Porn performers' autobiographies and memoirs present themselves as a completely separated literary and theoretical category, as they act as a double mirror for two perpendicular duplicities of personal vs private: just like porn is a "private moment" filmed to be watched, autobiographies and memoirs present an "intimate" facade of a public persona while it is being written to be read by someone else. On top of that, for narrating a clearly constructed identity – the pornographic one, opposite to the ‘civilian’ one carried out in daily life – autobiographies and memoirs written by pornographic performers could disappear in the gap between the definitions of autofiction and autobiographical narratives for reasons that set them apart from those which make up the bulk to autobiographical writings yearly published. It is because it unfolds in itself, twice constructed narratively, that these autobiographies and memoirs do a mirror play upon their own image, making it impossible for the spectator / reader to distinguish between what is the real image and what is a mere reflection, therefore generating a game of unending unfolding of false imagery which cannot be deciphered, making for a permanent transit between illusion, fiction, and realistic imagery, as it intentionally dissolves the boundaries between fictional and real.
Tyler Knight opens Burn my shadow: a selective memory of an X-rated life already advising the reader that he is an unreliable narrator.
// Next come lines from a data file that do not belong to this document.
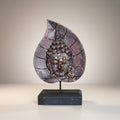 Tabletop Decor Red Buddha Face on Leaf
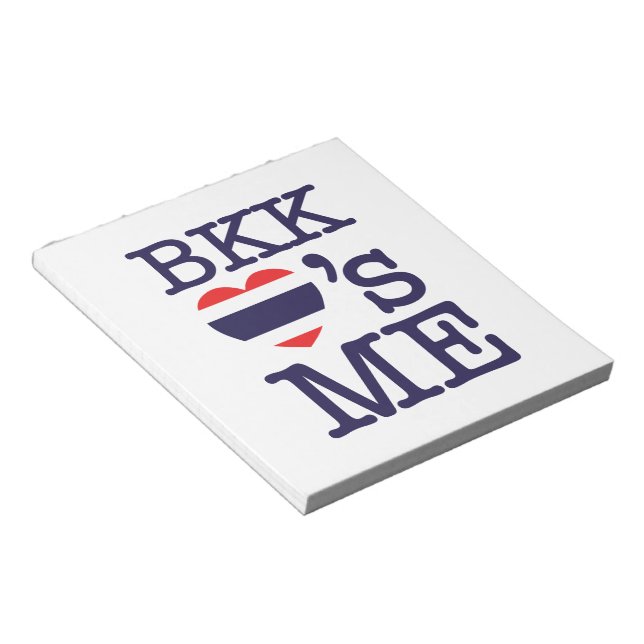 BKK LOVE'S ME NOTEPAD (Angled)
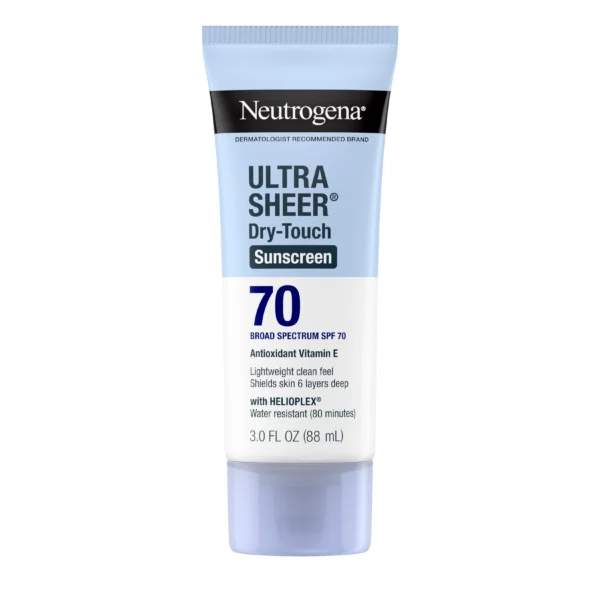 Neutrogena Ultra Sheer Dry-Touch Sunscreen Broad Spectrum SPF 70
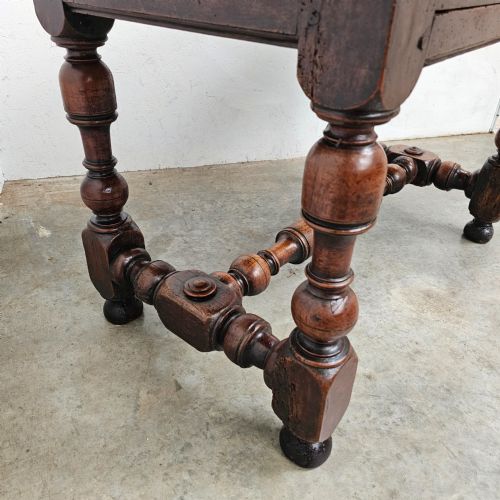 TURNEDLEG CHERRY SIDE TABLE WITH DRAWER - ADDITIONAL PHOTO 1
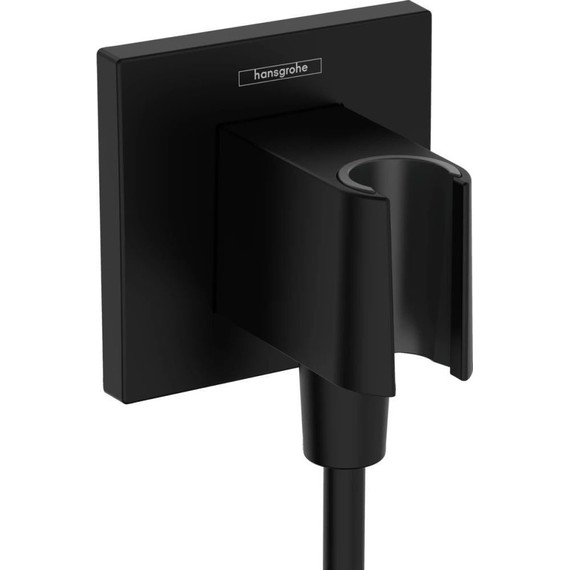 Шланговое подсоединение с держателем Hansgrohe FixFit E 26889670, чёрный - фото 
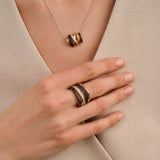 Honeycomb Crossover Ring - L model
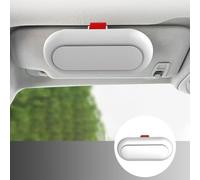 CLZXCV Custodie Occhiali Auto per Fiat Seicento/Stilo/Tipo/Ulysse/Freemont, Custodia per Occhiali Parasole per Auto Scatole per Occhiali da Sole per Auto Organizer,2 White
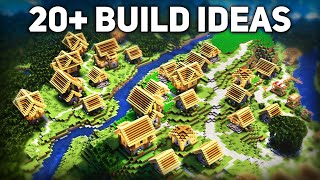 20+ Build Projects for Survival Minecraft 1.19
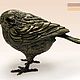 Фигурка Воробей. Статуэтка. БронзаМания - сувениры из бронзы. Ярмарка Мастеров.  Фото №5
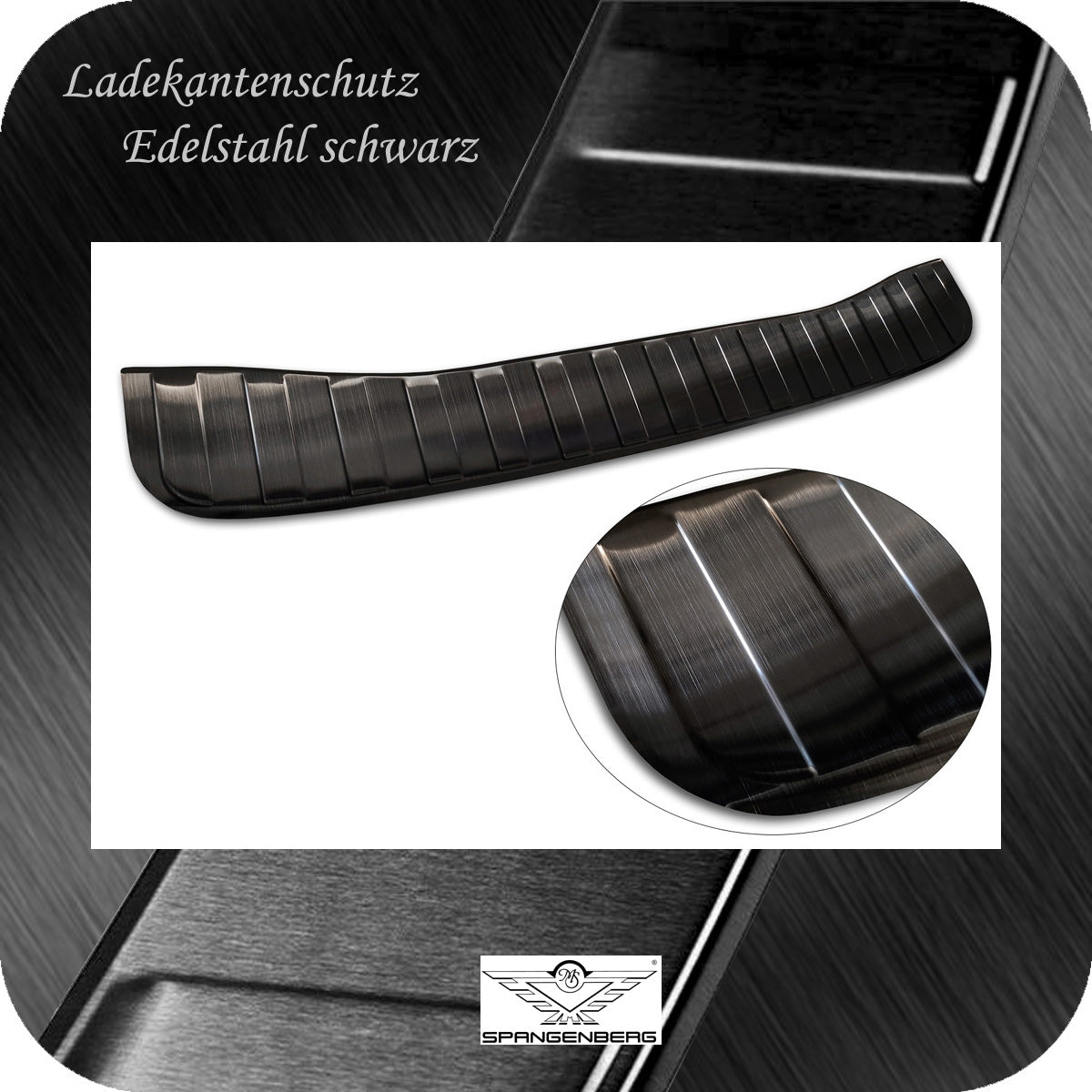 Ladekantenschutz Edelstahl schwarz für Toyota Corolla XII 5-Türer 03.18- 3245283e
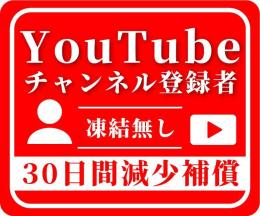 【高品質】YouTubeチャンネル登録者1000人増加　高品質　減少時補償あり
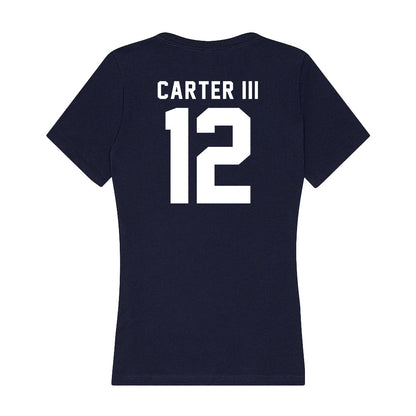 Old Dominion - NCAA Football : Jerome Carter III - Women's V-Neck T-Shirt-1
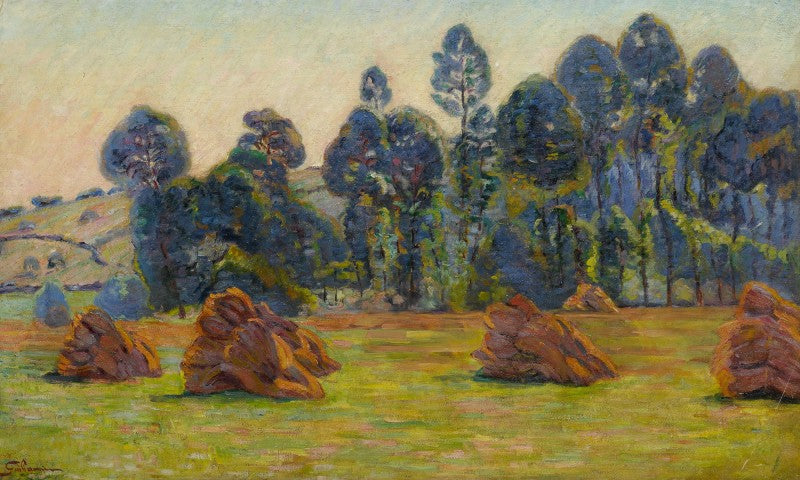 Breuillet - Armand Guillaumin image 1 tableau peint à l’huile sur toile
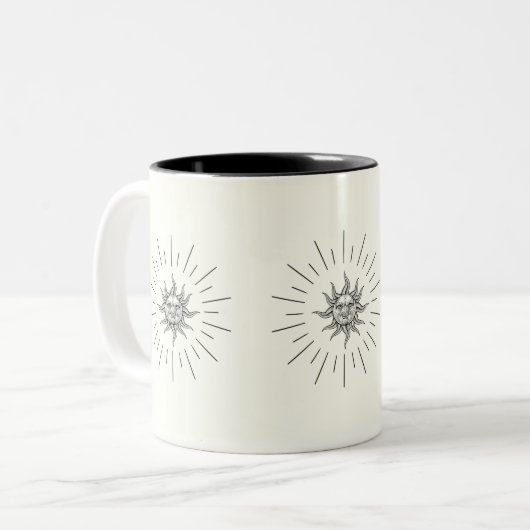 Sun Coffee Tasse (Vorderseite Links)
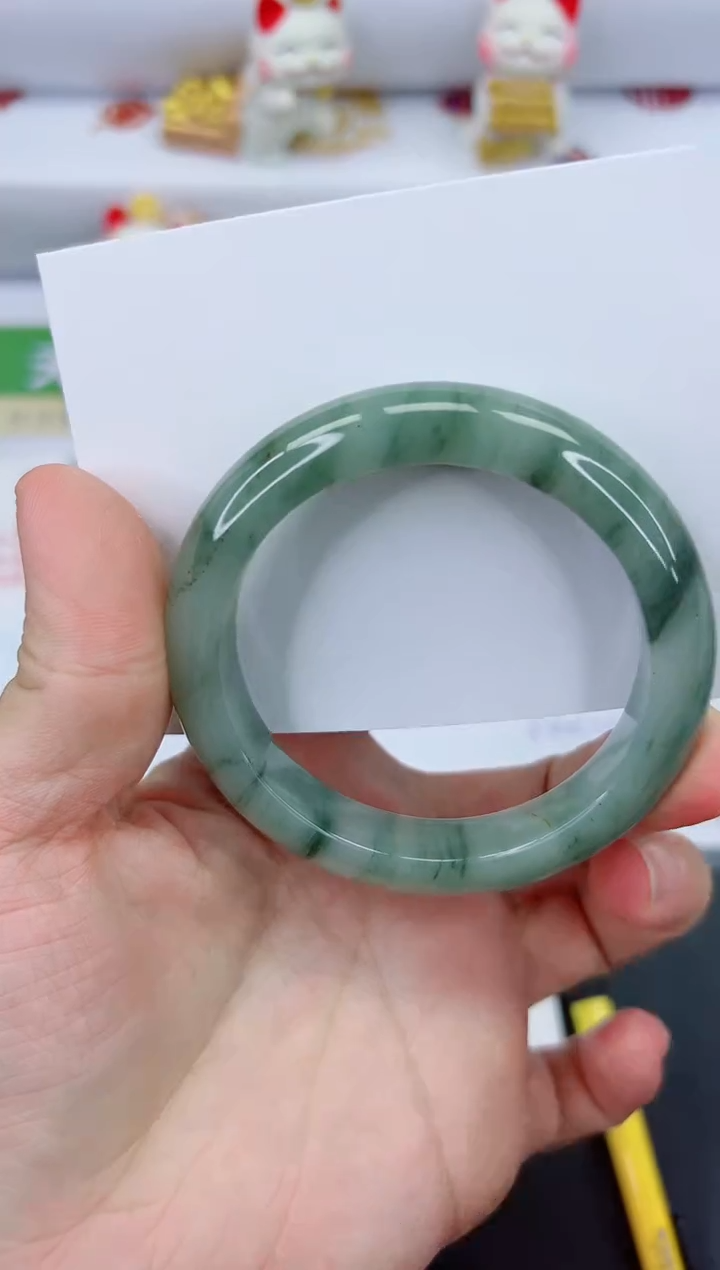 【闪购商品】石英质玉手镯未镶嵌3475-54.7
He is aware of the impossibility of being trusted due to his proximity with the ‘facts’ to be narrated: his intention is not to function as a register nor as a token of a pornographic performer. On the contrary, Knights eliminates the gaps between performers and other professions, recovering ‘the human condition’ as the ‘line that unites us all’, regardless of any sorts of categorization.
However, through his writing Knights sets himself apart from the vast majority of autobiographical authors, independently of their profession. The 23 chapters of Burn my shadow present the reader with independent façades of a same industry through a narrative that is precise and sharp as a surgical scalpel, making the scenes bleed copiously and without mercy. Knight is relentless in his falsely candid approach to the pornographic industry, its participants, the referential dimension in the specific discourse of pornographic literature (MAINGUENEAU, 2007) secured by the two main requirements to place a discourse as pornographic: the configural dimension, which allows the reader to easily picture the scene; and the ‘euphoric affections’ dispersed throughout the many consciences in Knight’s writing. His language is an unapologetic performative spectacle, echoing the sexual aggressiveness expected from the derivation of the pornographic – in a narrative that does not deliver only the plenitude proposed by the pornographic device, but provides through void and descriptive scenes a metaconscience of the entire pornographic discourse. Between what is said and what is represented is a mirror play in which Knight’s narrator undresses the language of all ornaments which might hinder the eye and hide the hard cored truth, exposing the raw matter of his life just like pornography presents a basal sexuality through the unveiling and manipulation of bodies.
Knight clearly cares about aesthetic function of his literature, therefore enabling it to migrate from the pornographic to the erotic – though it refuses to do so by complying with the structural format of pornography. In the gangbang scene, for example, he eliminates the heroic image of the self, expected by the doxa, by placing himself nameless, incognito, unidentified amidst all the other participants. The scene ends within the emptiness found in entire experience itself. And here lies one of the most valuable aspects of Burn my Shadow: it claims its place in the realm of pornographic writing while attentive to the aesthetic morality of the so called higher – erotic – literature unapologetically, because it is honest. Going against the debatable pornification of literature, Knight constructs his memoirs the other way around: by literalizing his pornographic self, turns his literary aphrodisiac (NIN, 1977) into porn poetry without rhymes.